According to the photographer, the higher the stars are in the sky, the better the parameters.
“The logic is similar to taking a photograph of something at the bottom of a pool, in that the atmosphere is a bit like water,” he explained. “The more narrow the angle you choose, the more clearly you can see what’s happening at the bottom of the pool.”
Likewise, the more direct an object is above you or the higher it is overhead, the better the resolution you’ll get and the less blurred the end image.
If you were to try and capture the same image from a few degrees above the horizon, you’d see no stars; only haze.
You also have to take into account the moon’s phases — you can’t really photograph properly when it’s in the sky. The contrast is dramatically reduced. You really do have to plan a photography session meticulously carefully.
This photograph is actually composed of around 30 “mini-shots” of around 10 minutes each.
When you take a picture during the day with your camera, the shutter speed is probably around one hundredth of a second. As long as you have enough light, that’s enough to get a decent shot. Much less light from space reaches us here on Earth, especially when from objects thousands of light years away.
In order for a photo like “The Creation of The Cosmos” to work, the right number of photons have to fall into the matrix, which is specially cooled. The camera’s matrix isn’t the kind of matrix you’d find in a traditional camera; so few photons reach you, that you have to set up very long exposures, as you wouldn’t be able to register enough in just 10 minutes.
Then there’s also the problem Earth rotating and the relative movement of stars. You have to adjust and correct the equipment, using a special “parallactic head” that tracks the stars’ movement — and then there’s another problem, because at longer focal lengths, even the tiniest movement will create blur. You have to keep the equipment in a perfectly still position for hours.
“For this particular image, the exposure lasted for around six to seven hours,” explained Jesionkiewicz. “Everything is done digitally using a computer, so you don’t have to sit and twiddle around with your settings for seven hours. You can look at the sky, think, read — this kind of trip is, only in part, about photography. To a large extent it’s a metaphysical journey.”
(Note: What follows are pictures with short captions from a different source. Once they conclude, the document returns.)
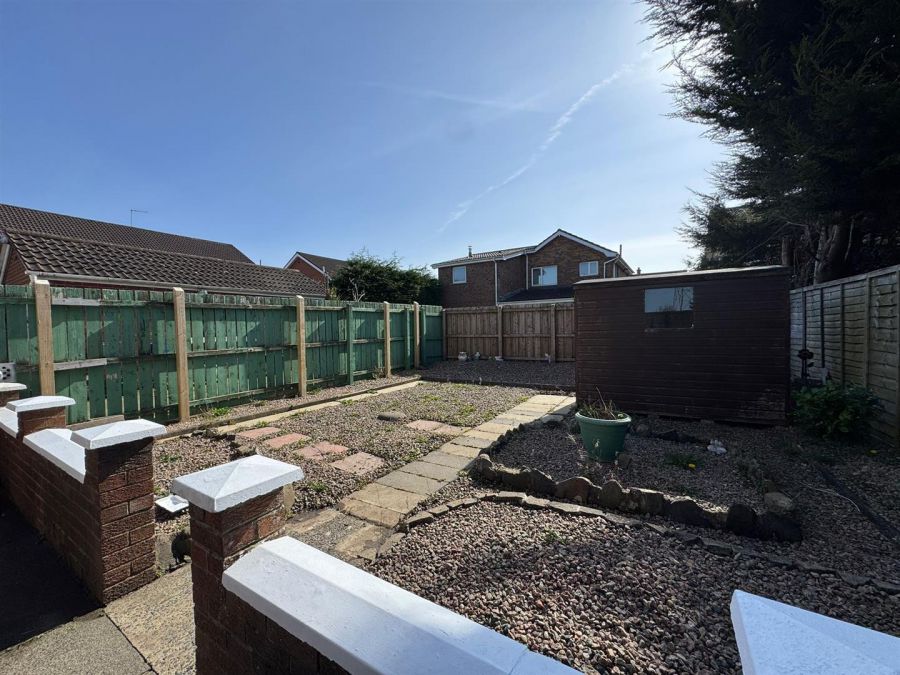 8 Ballyhenry Gardens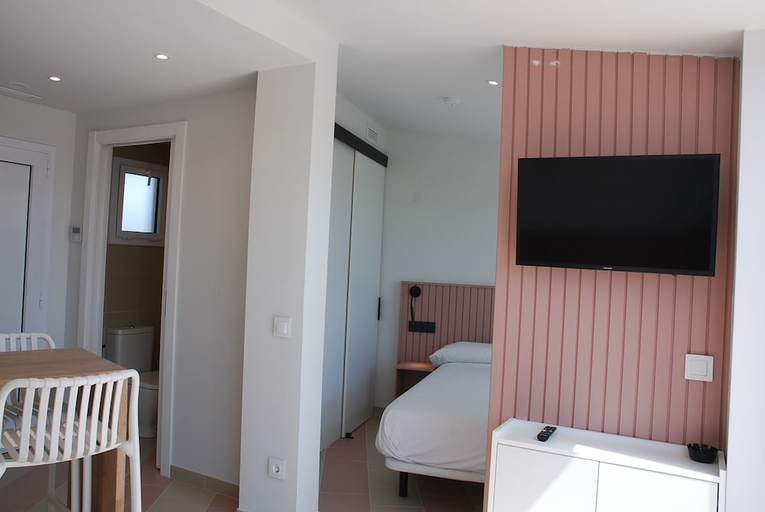 Bedroom 2, Sunway Atlanta Apartments, Barcelona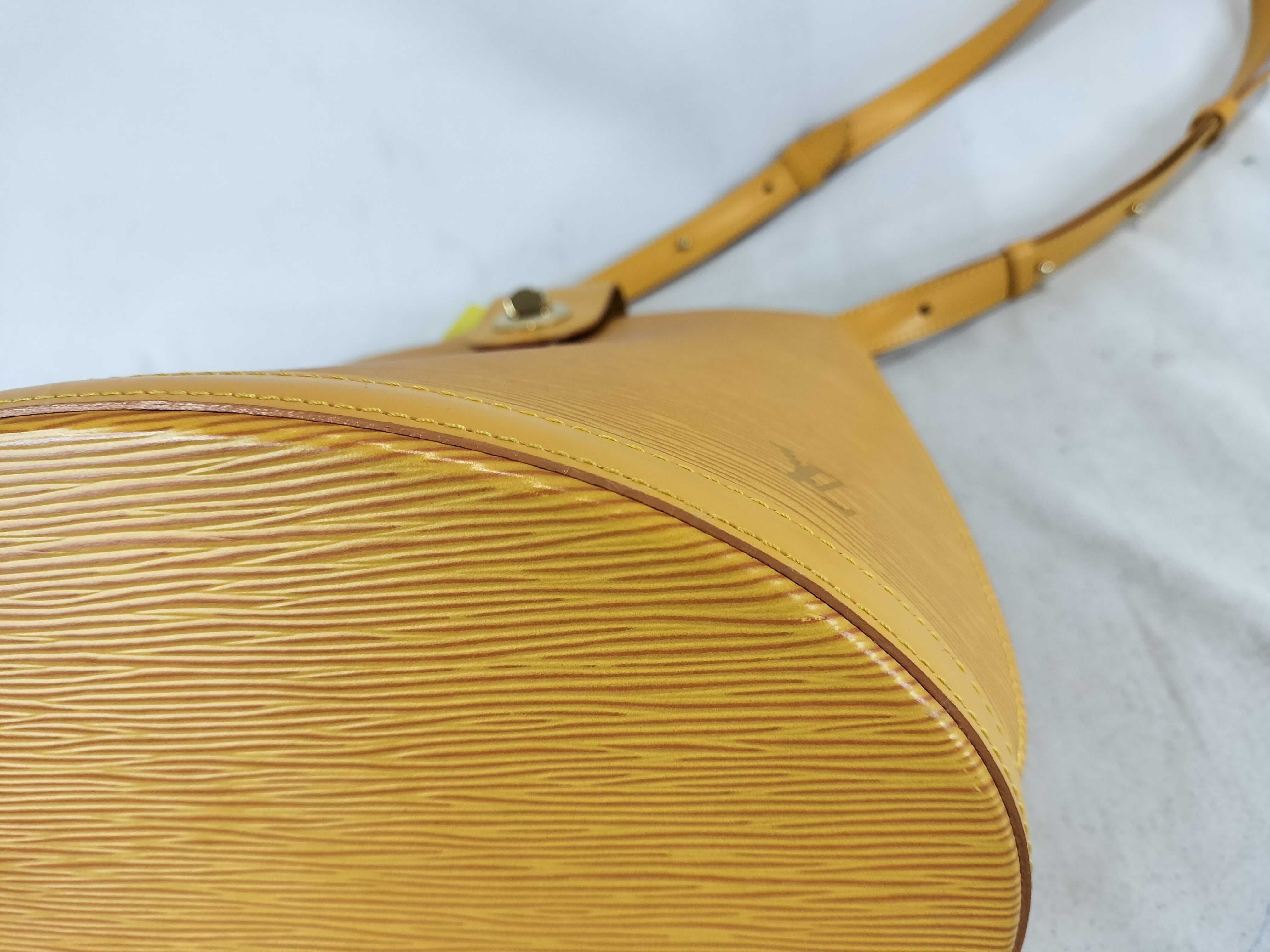 Epi Cluny Yellow Shoulder Bag — view 7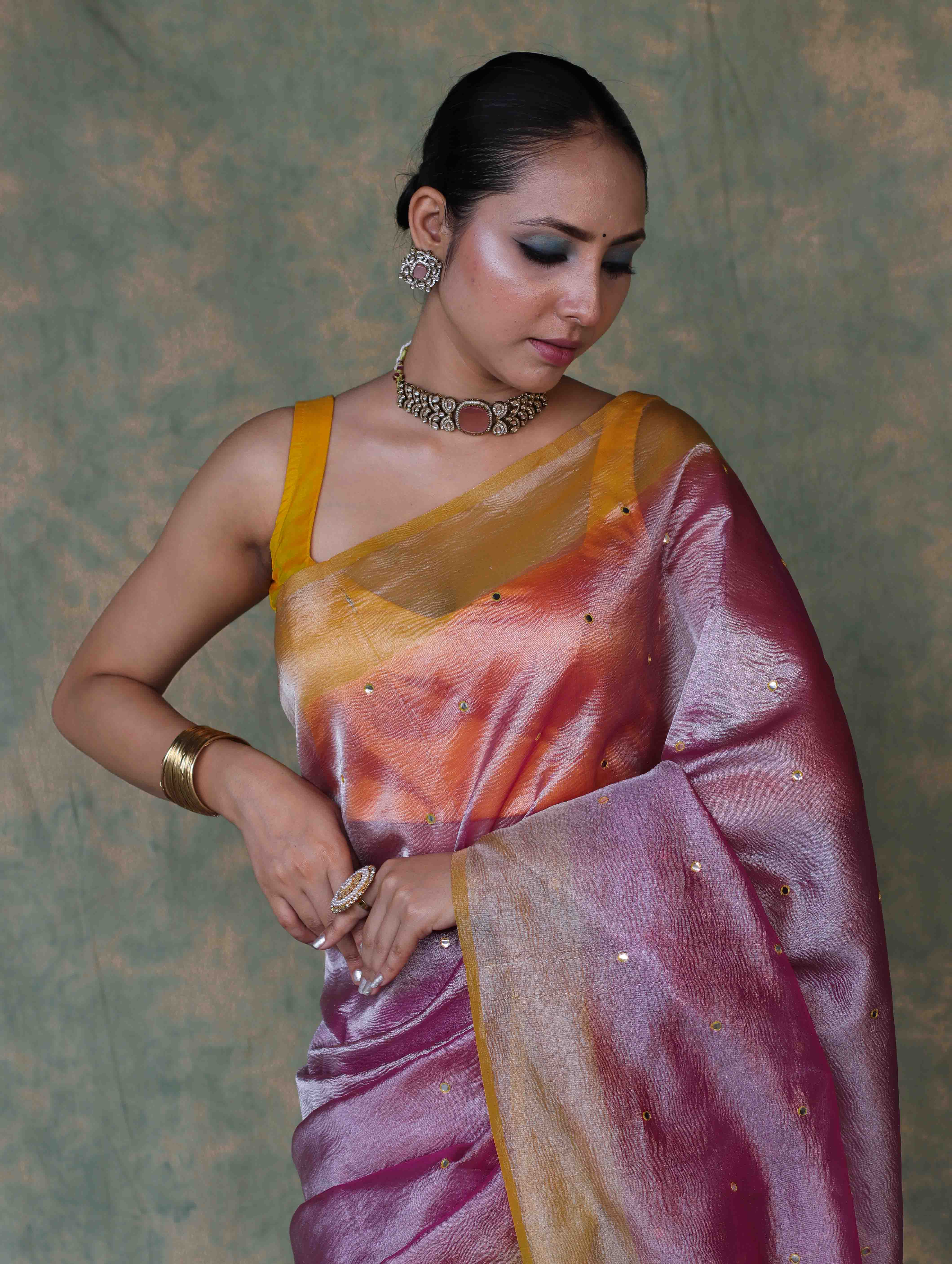 Banarasee Handwoven Crushed Tissue Saree With Mirror Work & Contrast Border-Light Pink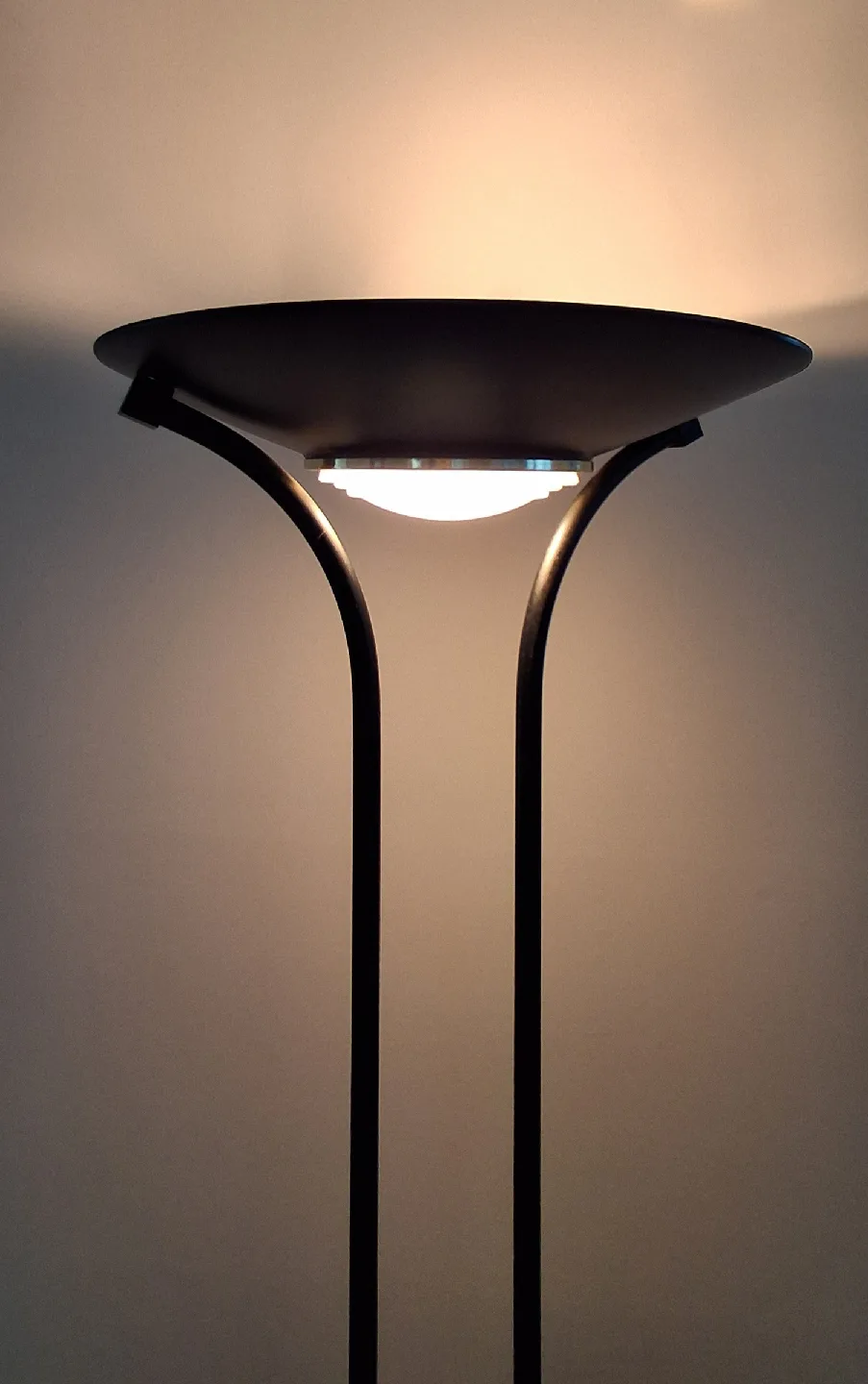 Black Floor Lamp image indicator(5)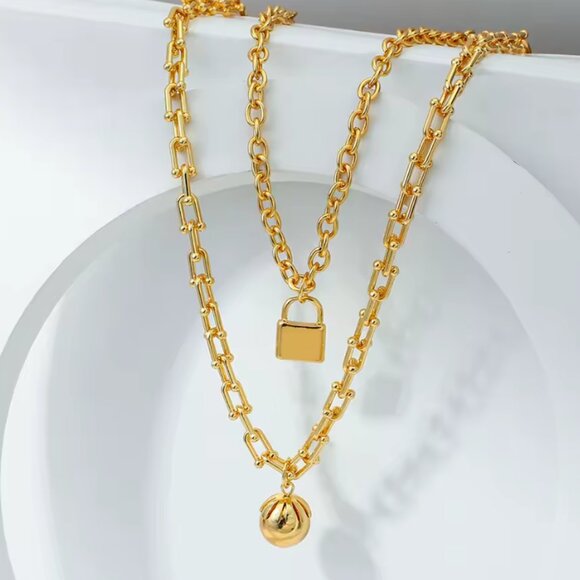 U-Shaped Chain Ball Buckle Necklace Collarbone Chain Necklace Multi-Layer - Picture 5 of 6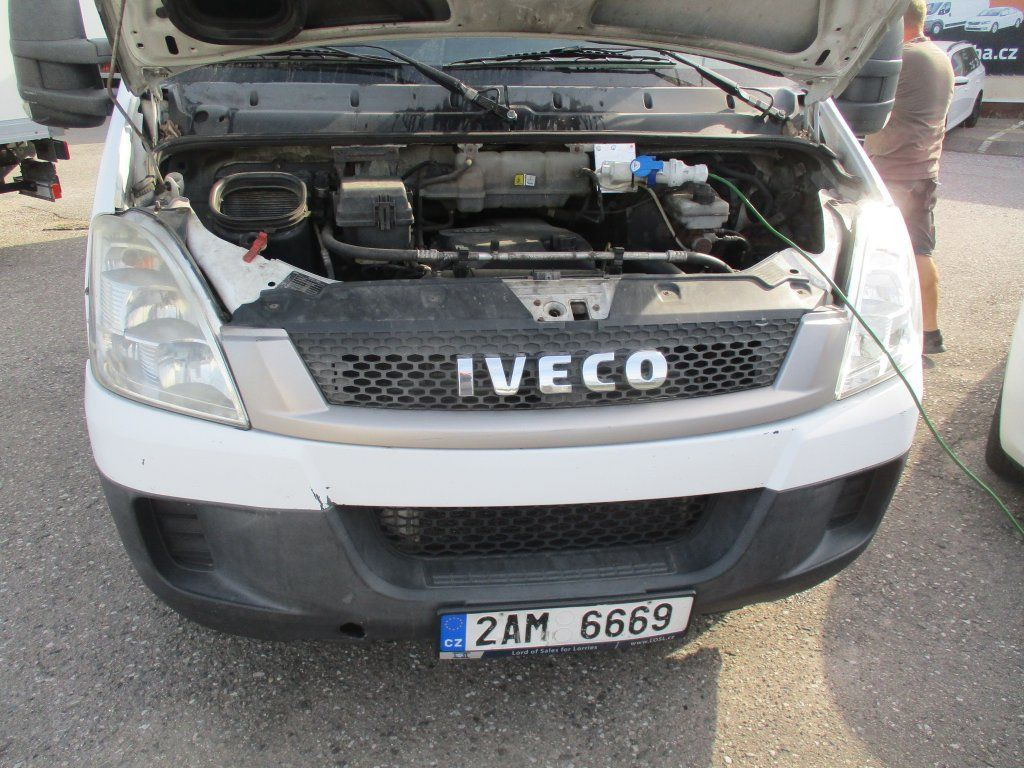 Iveco Daily 50C15 Carrier 350 - Hűtős kisteherautó: 3 kép. Iveco Daily 50C15 Carrier 350 - Hűtős kisteherautó: 3 kép.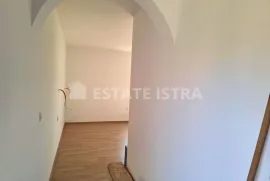 Pula - Veliki stan u stambenoj kući, Pula, Apartamento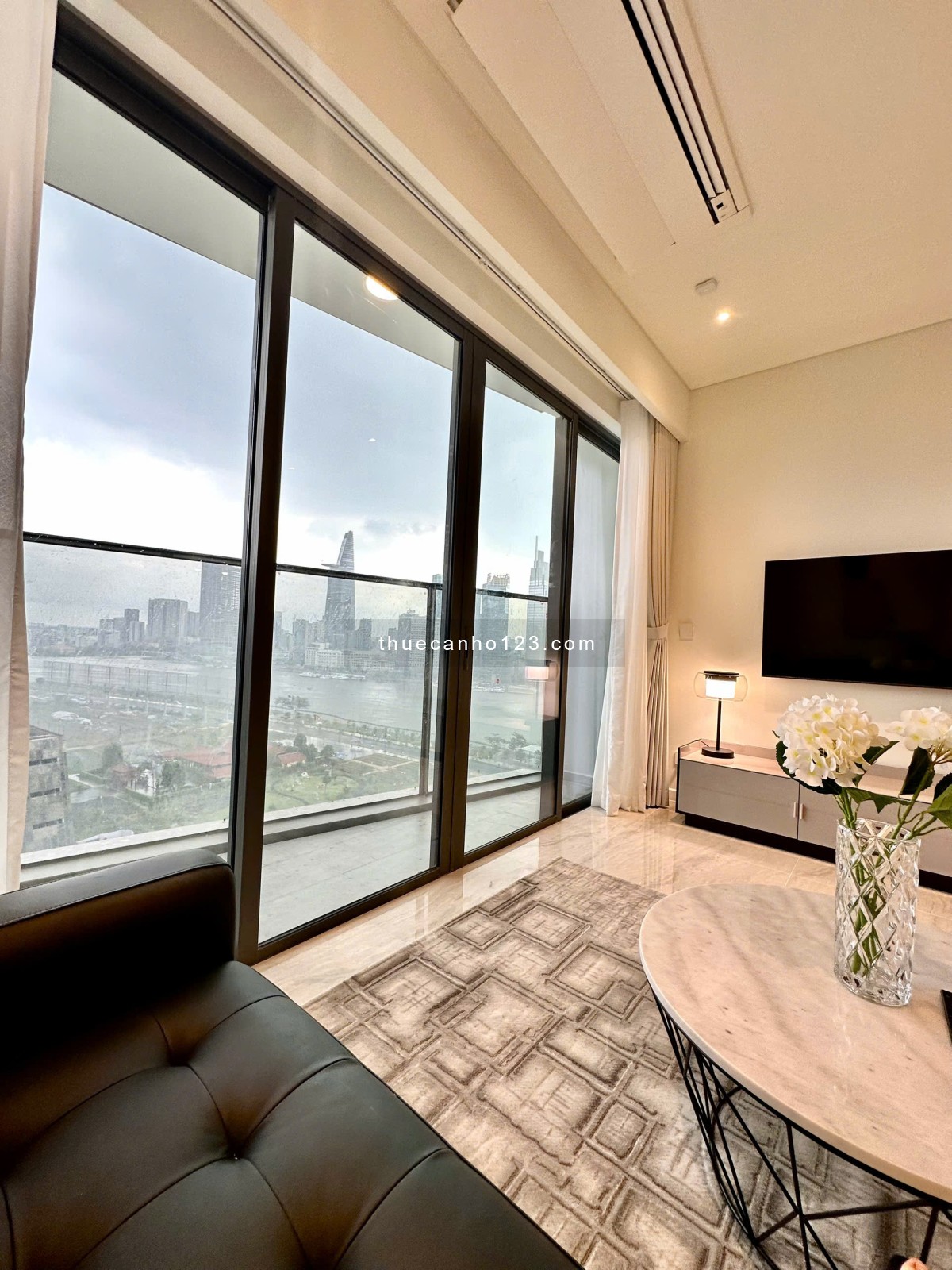 Opera Cho Thuê 2PN Đầy Đủ Nội Thất, Tầng Cao View Sông Và Quận 1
“There’s nothing to stop anyone doing this, really,” said the photographer. “You pack your bags and drive. It’s easy. I work within a budget and I wouldn’t exactly say I rack up unmanageable expenses. To go on an excursion like this in the wilderness of South Africa, you’re looking at around $1,500 for a fortnight or so. Of course, I’m not including photographic equipment in that figure but, as I’ve mentioned, there are already telescopes out there.”